THE PROBLEM —
Emit a verbatim copy of the lines below from the line with "Sophisticated White and Blue Cup & Saucer" through the line with "Llanuras bison, bloque", excluding pictures and everything outside that range.
─── SUPPLIED ENTRIES ───
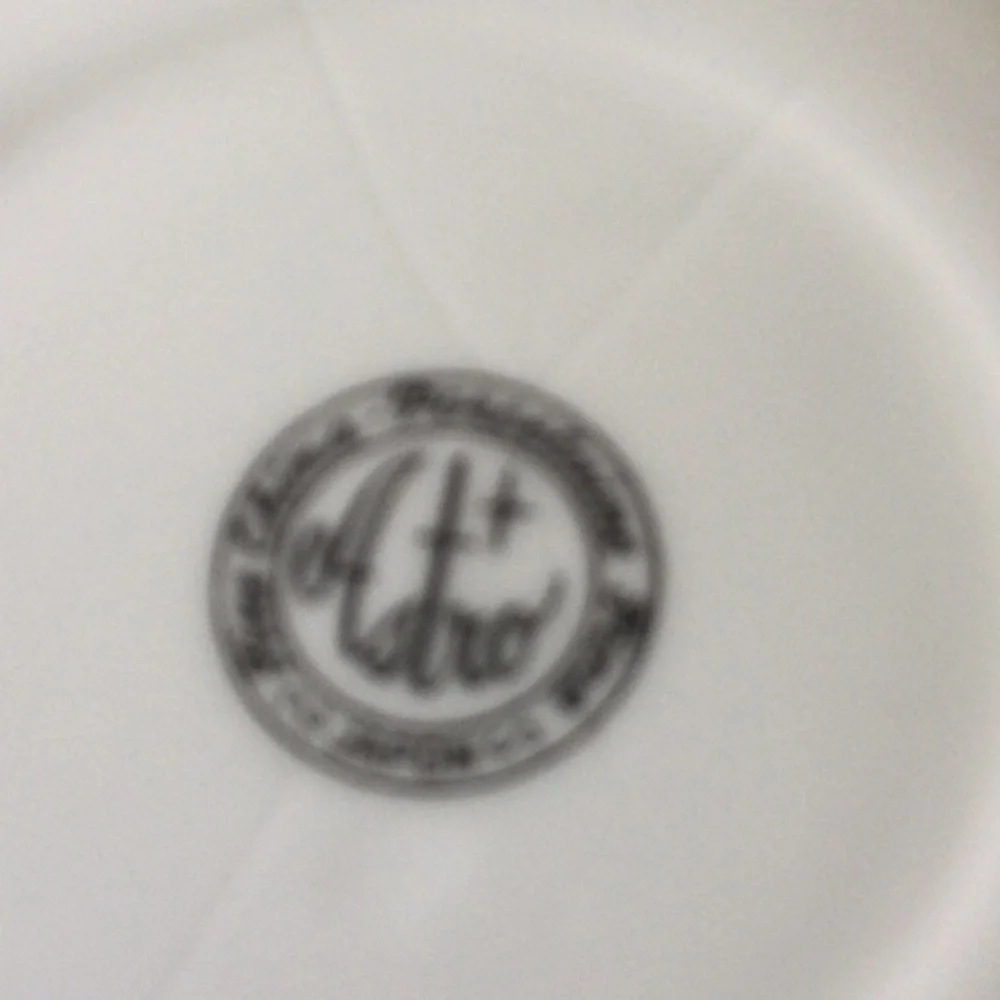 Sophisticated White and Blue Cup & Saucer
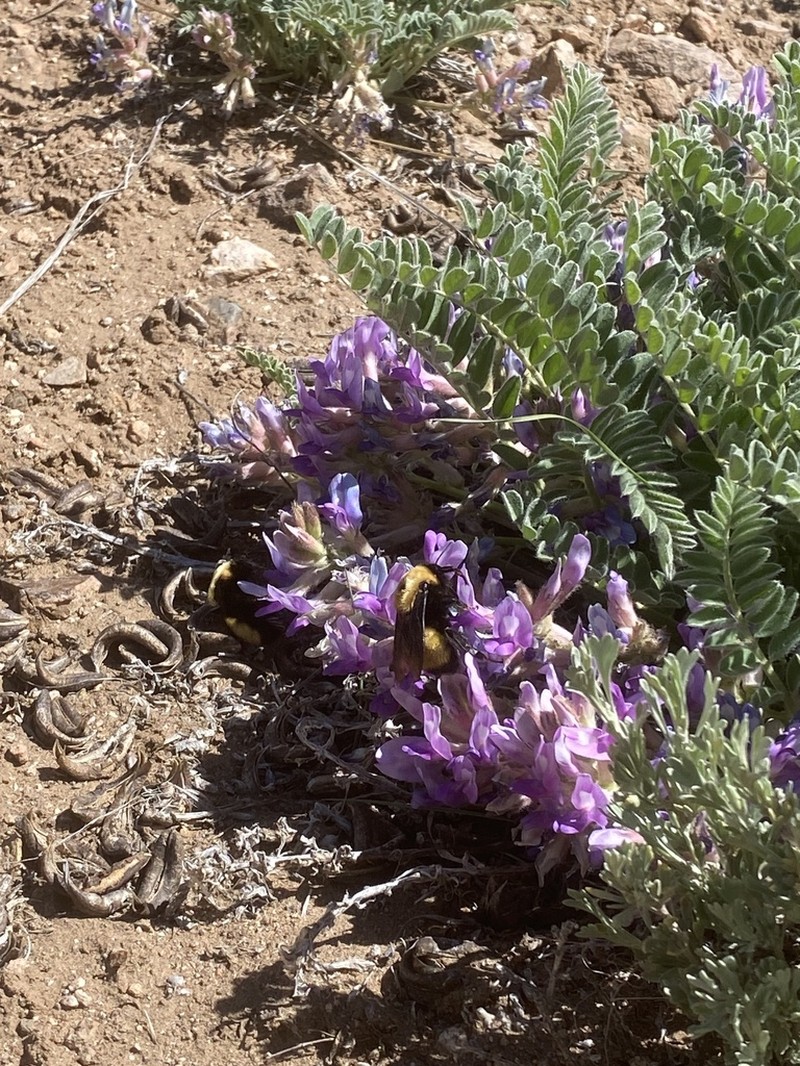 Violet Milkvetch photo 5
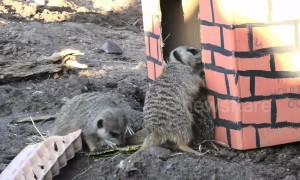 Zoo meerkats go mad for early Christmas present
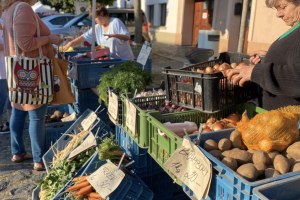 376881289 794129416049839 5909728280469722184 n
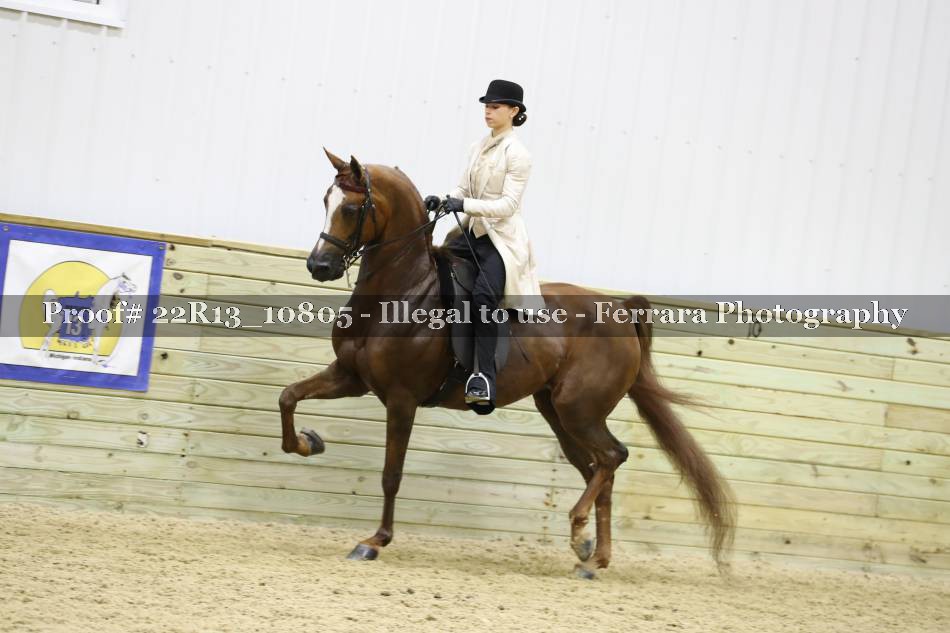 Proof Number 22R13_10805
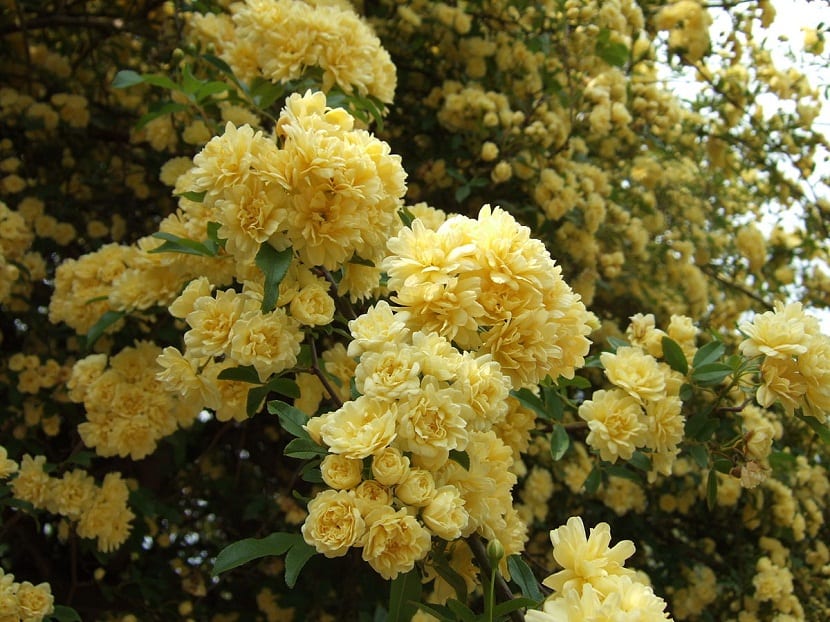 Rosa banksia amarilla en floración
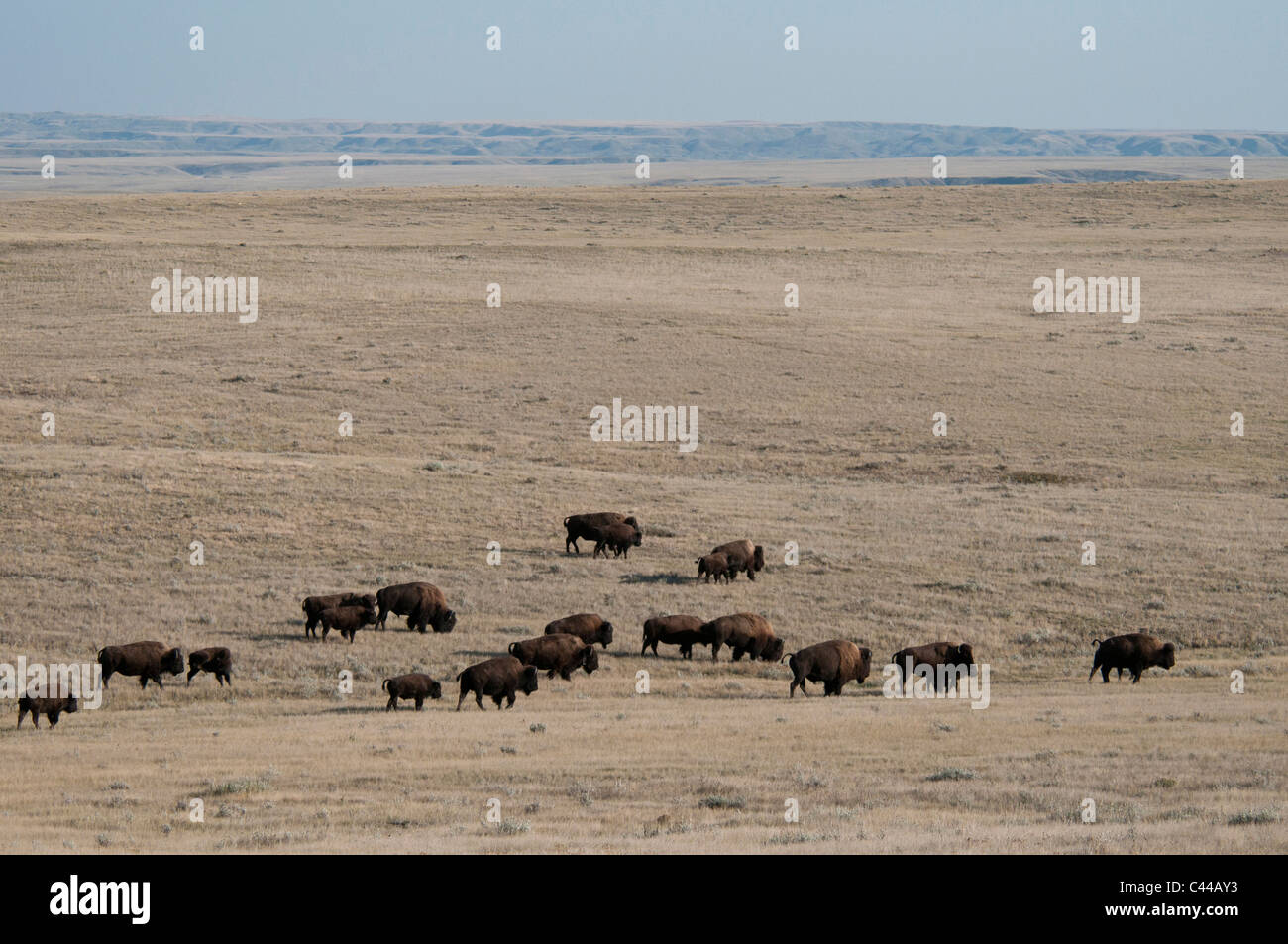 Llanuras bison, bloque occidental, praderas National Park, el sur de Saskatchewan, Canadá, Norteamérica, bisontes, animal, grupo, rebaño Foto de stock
───
─── SUPPLIED ENTRIES ───
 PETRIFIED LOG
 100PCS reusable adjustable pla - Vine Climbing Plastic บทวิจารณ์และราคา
───
TASK RESULT —
 Sophisticated White and Blue Cup & Saucer
 Violet Milkvetch photo 5
 Zoo meerkats go mad for early Christmas present
 376881289 794129416049839 5909728280469722184 n
 Proof Number 22R13_10805
 Rosa banksia amarilla en floración
 Llanuras bison, bloque occidental, praderas National Park, el sur de Saskatchewan, Canadá, Norteamérica, bisontes, animal, grupo, rebaño Foto de stock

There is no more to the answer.